== Source data ==
*** Block opens ***
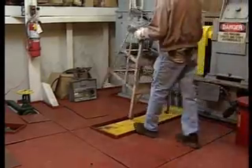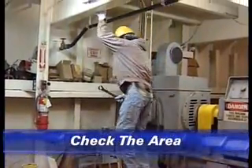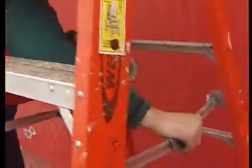To safely use a portable ladder, such as a straight or step ladder, start by making sure the work area around the ladder is safe. Keep the ladder stable. If you're using a step or straight ladder, place the footings on a flat surface.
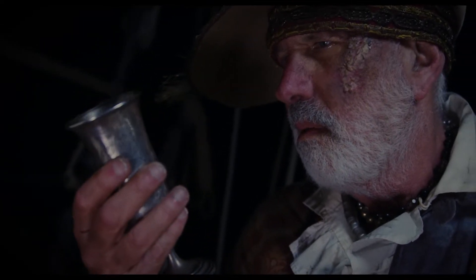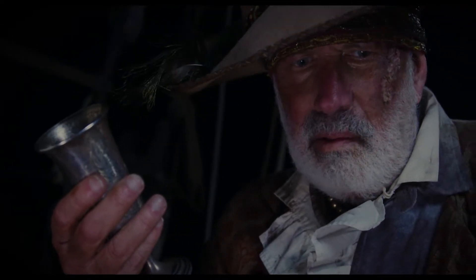The kiddush cup that we used in the film — the actual physical prop — has a really unique story, but I'll let the star of the movie, Stephen de Cordova, tell you about it.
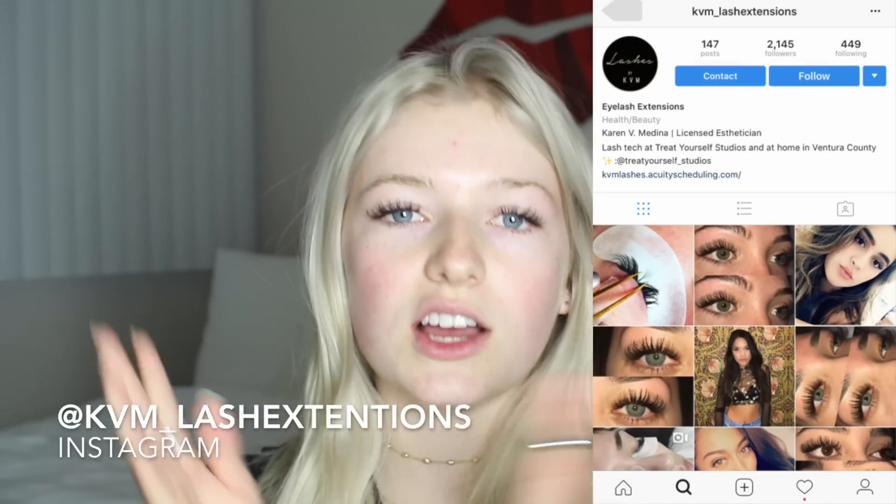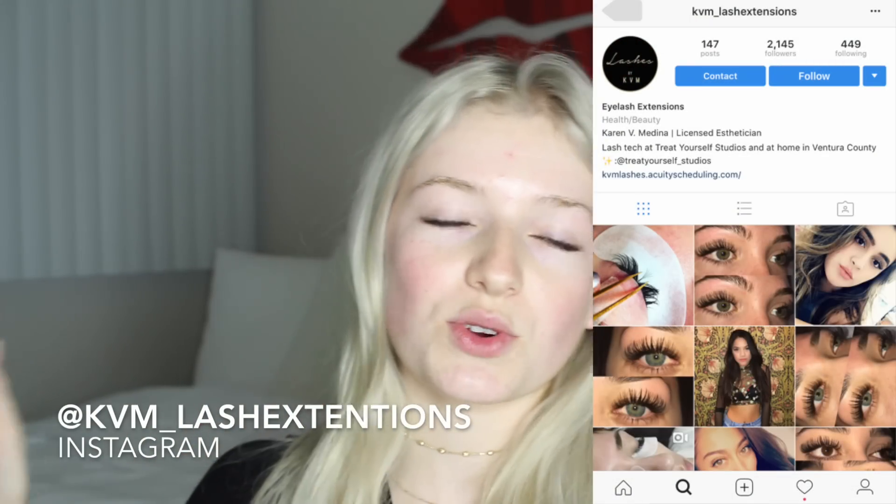I sat in the chair for two hours at Treat Yourself Studios — I'll link their Instagram down below. If you want yours to look like mine, you need to go to them. They're amazing. I got a full set of individuals put on, and they were done by Karen Medina — her Instagram is KVM underscore lash extensions.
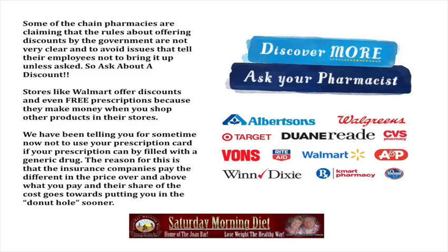We have been telling you for some time now not to use your prescription card if your prescription can be filled with a generic drug. The reason for this is that insurance companies pay the difference in the price over and above what you pay, and their share of the cost goes towards putting you in the dreaded donut hole much sooner.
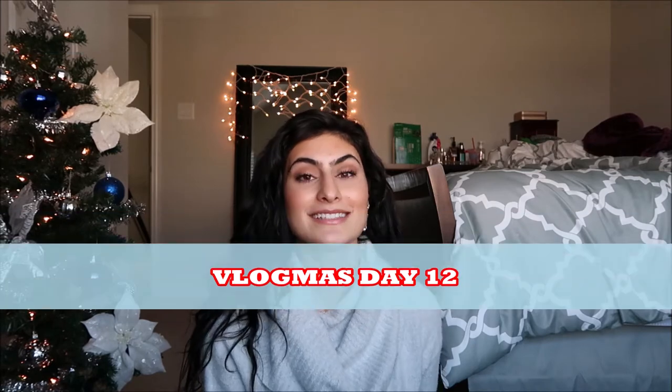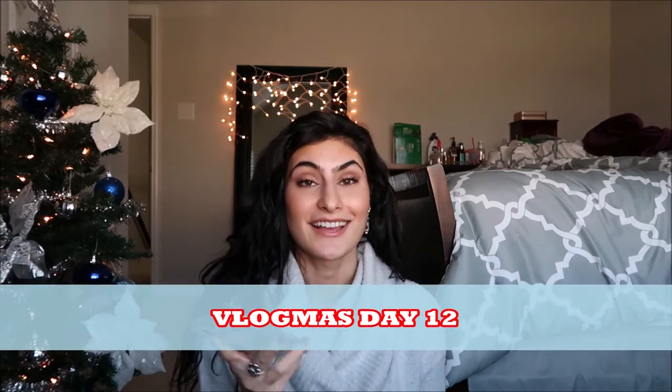Hi guys, welcome back to my channel, or welcome if you're new here. If you are new, my name is Natalie. I would love for you to hit that subscribe button to stick around and join the channel, see more of my upcoming content. Welcome to Vlogmas Day 12. I had to double check because now I'm just kind of losing track of the days.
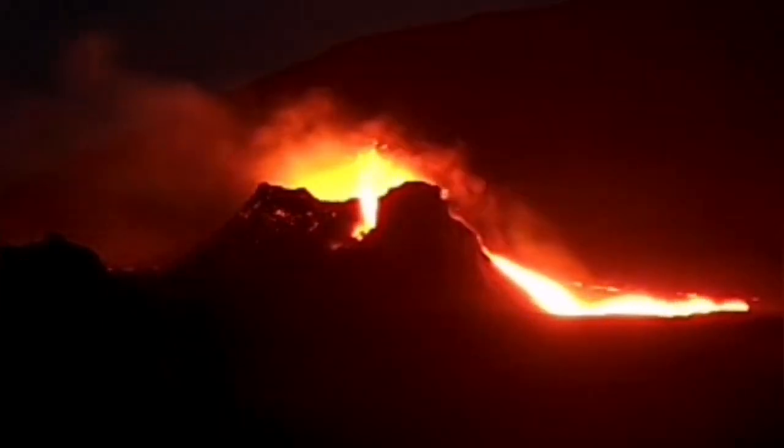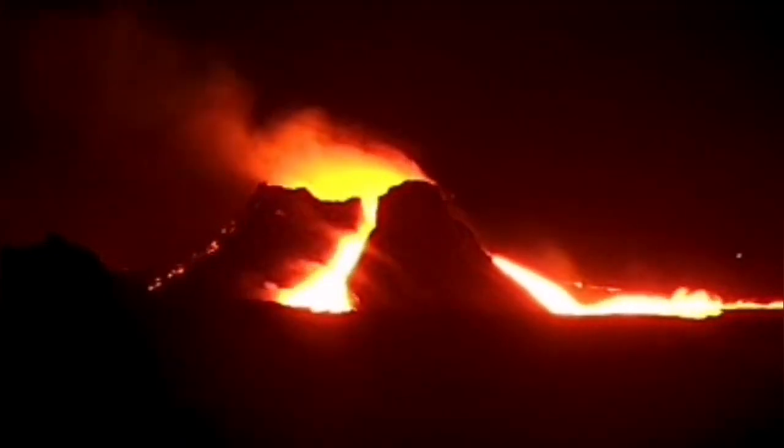Then a huge eruption. I will go closer to show you this. Unfortunately, because of the bad weather, we were not able to see it clearly. Look at this — it's looking like molten metal inside a steel factory. The direction of the wind shows it is very strong, so no drone was probably in the air to record this.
*** Block closes ***
== Work item ==
Produce an exact reproduction of the listing above, limited to the lines starting at the line with "We have been" and ending at the line with "Hi guys, welcome", both kept, with every picture left out.

== Answer below ==
We have been telling you for some time now not to use your prescription card if your prescription can be filled with a generic drug. The reason for this is that insurance companies pay the difference in the price over and above what you pay, and their share of the cost goes towards putting you in the dreaded donut hole much sooner.
Hi guys, welcome back to my channel, or welcome if you're new here. If you are new, my name is Natalie. I would love for you to hit that subscribe button to stick around and join the channel, see more of my upcoming content. Welcome to Vlogmas Day 12. I had to double check because now I'm just kind of losing track of the days.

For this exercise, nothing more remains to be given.